YOUR TASK: Transcription, pictures excluded: write out the data below exactly.

COLLECTED MATERIAL:
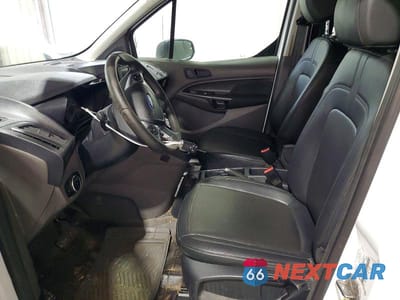 Zdjęcie 7 z 13 samochodu: 2020 FORD TRANSIT CONNECT XL DELIVERY VAN VIN:NM0LS7E23L1463790 - miniatura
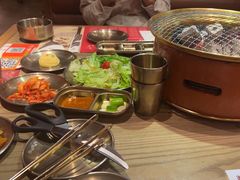 -西塔老太太泥炉烤肉(杭州首店)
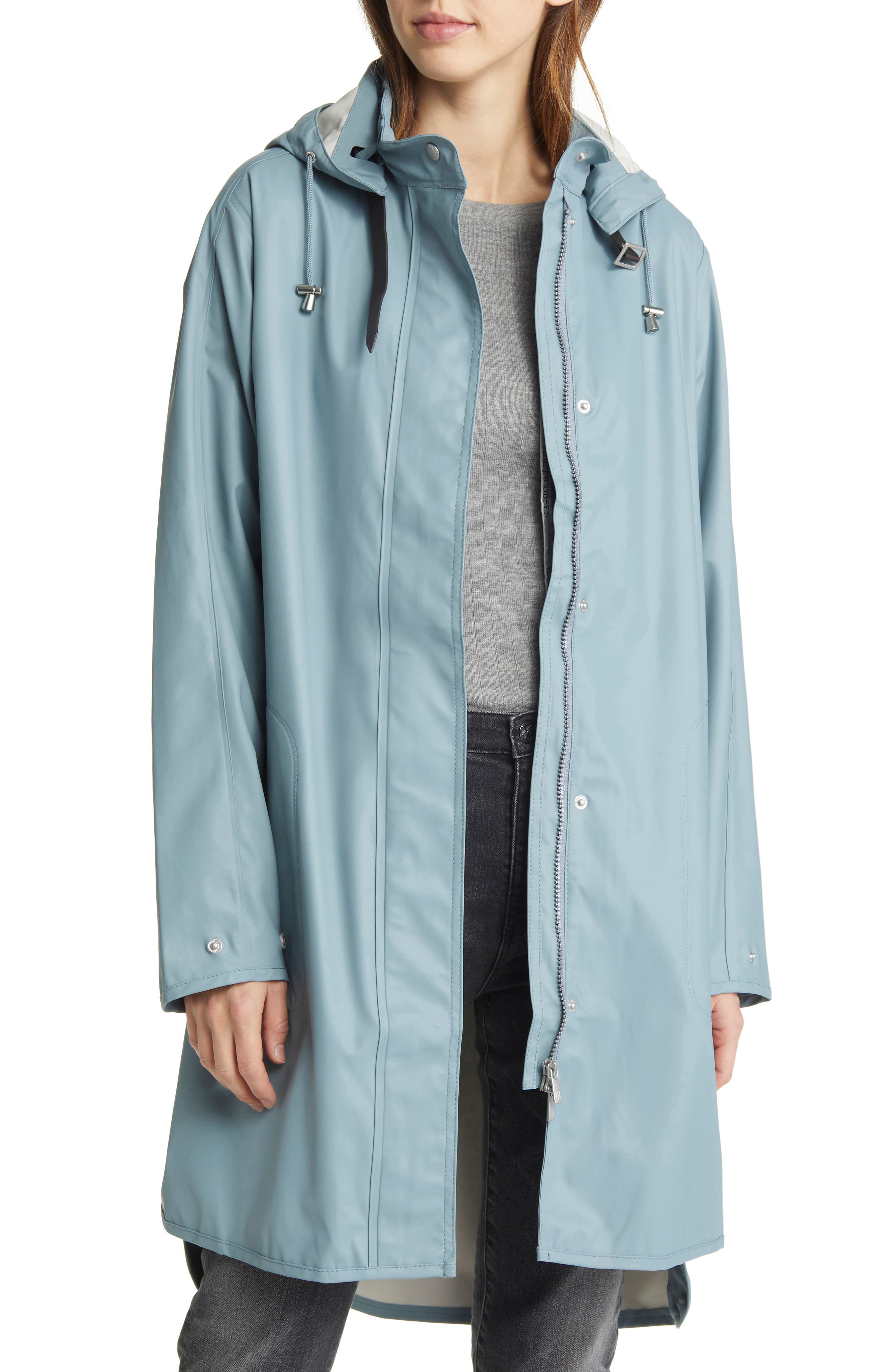 ilse jacobsen raincoat 06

SOLUTION:
 Zdjęcie 7 z 13 samochodu: 2020 FORD TRANSIT CONNECT XL DELIVERY VAN VIN:NM0LS7E23L1463790 - miniatura
 -西塔老太太泥炉烤肉(杭州首店)
 ilse jacobsen raincoat 06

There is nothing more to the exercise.